Information required on IIFCL TAX FREE BONDS for year 2012

POSTED BY [A] ON September 22, 2013 10:01 am ONE COMMENT

Hello,

I bought the IIFCL tax free bonds last year at the coupon rate of 7.08%. I couldn\’t find anything on this in the site, and have some quick questions on this:

1. When I go to my trading account, I see the bond value is actually reduced (surprised why!?) by about 10% and I am actually in loss. Is that possible for a \”tax free bond\” instrument?

2. Is this is the current traded price of these bonds in exchange, in case I want to exit? Are there exit penalties if we exit via exchange?

3. Need some inputs to enable someone like me to think further if we should exit from these bonds and sell in exchange?, or should keep for the long term proceeds?
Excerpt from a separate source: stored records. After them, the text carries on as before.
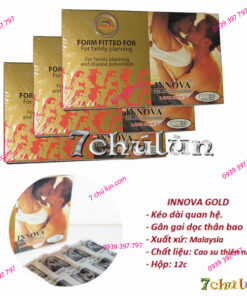 -cao-su-innova-gan-gai-keo-dai-thoi-gian-yeu-choi-dai-qua-sao-chiu-noi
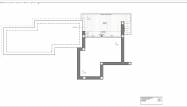 Nowy budynek - Villa - Benitachell - Cumbre Del Sol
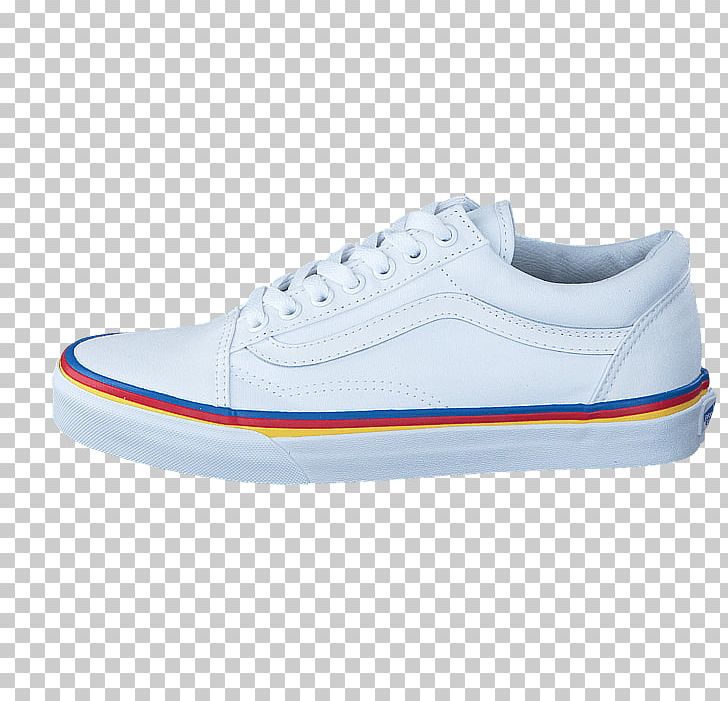 Skate Shoe Sneakers Basketball Shoe Sportswear PNG, Clipart, Athletic, Basketball, Basketball Shoe, Blue, Brand Free PNG Download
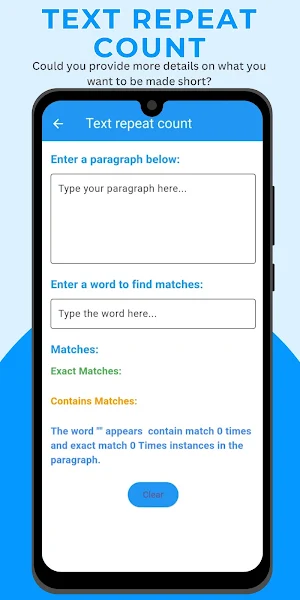 Doffl : Multifunctional Tool Screenshot 2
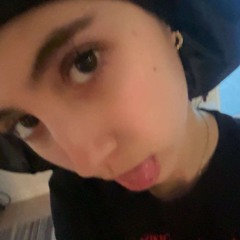 000loser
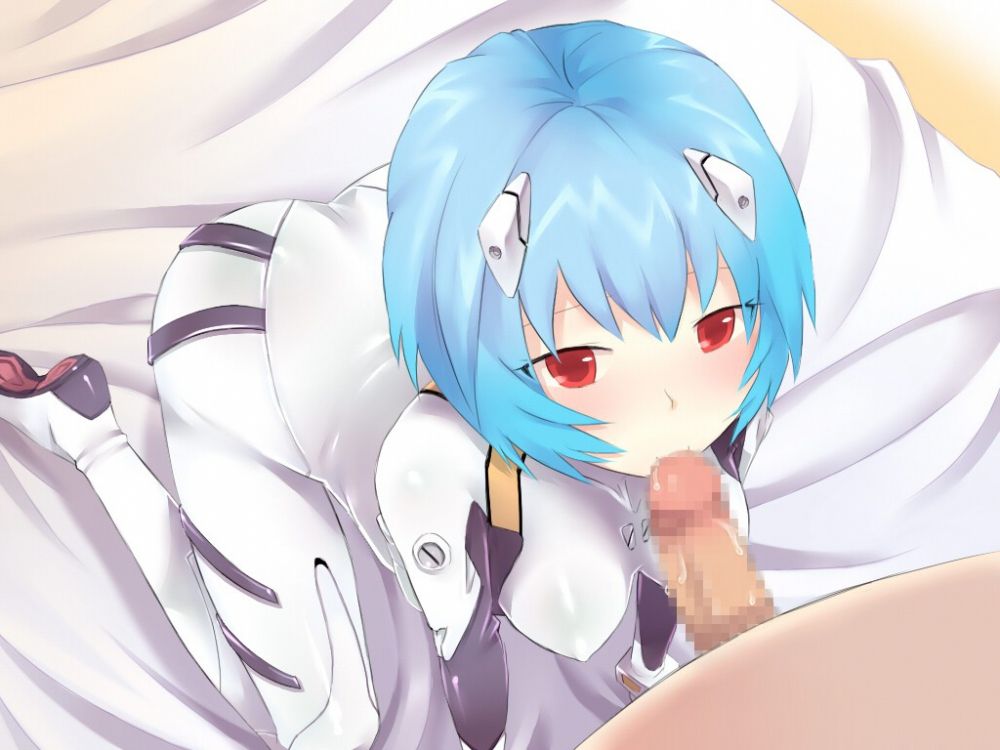 Image #69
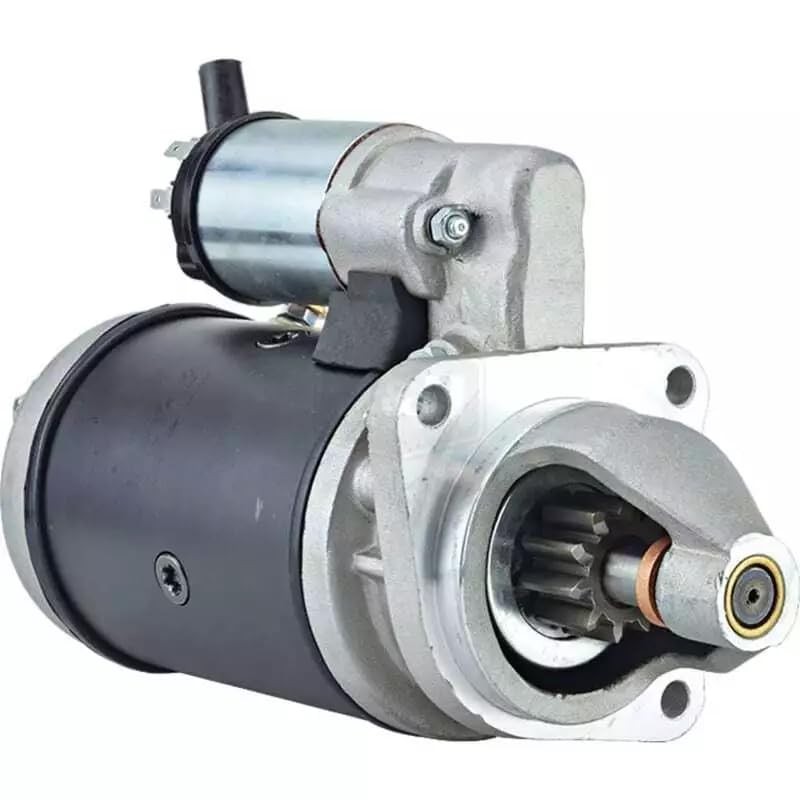 Car Starter Motor For Mercedes-Benz 22301LU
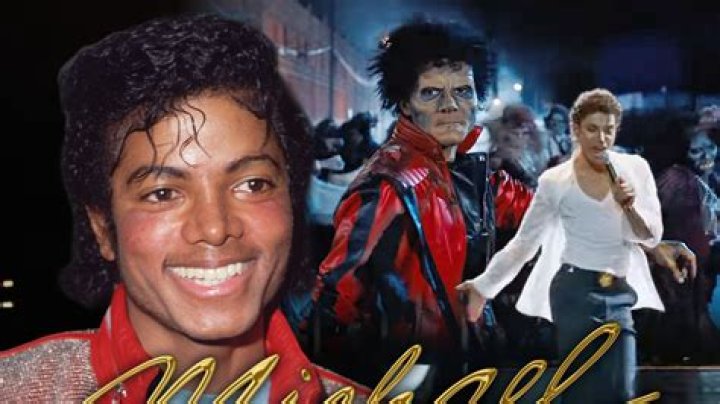 Orlando Brown says Michael Jackson, Will Smith raped him when he was a child in bizarre new video |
4. In general, do the payouts on the Tax Free Bonds have the \”growth option\” available, so the money could be compounded during the proceeds/settlement time after 20 years?

As always, thanks for your inputs and pleasure to be here in this forum.

[A]

One reply on this article “Information required on IIFCL TAX FREE BONDS for year 2012”

  1. Salva says:

    Hi.

    1. The coupon rate is 7.08% which is quite less than the current bond yields which are over 8.5%. So the market value of the bonds will be less than the face value. If the interest rate falls, the value of the bond will increase.

    2. Yes, this will probably be the last traded price in the exchange. You may put a limit sell order with whatever price you want, but will there be any takers for it?

    3. What was the purpose of investment in these bonds? Did you invest for steady tax-free interest income or for trading? If you invested for income, hold on to the bonds to maturity. If you bought for trading, you’ll have to wait for interest rates to ease (another 18 – 24 months in my opinion) and then sell them at higher than face value.

    4. It depends on the terms of the issue. I bought REC bonds and will be buying HUDCO bonds this year, and I believe the payout will be on a yearly basis. Of course, you have the option of investing the annual interest payments in some other avenue – fixed income or equity as you wish.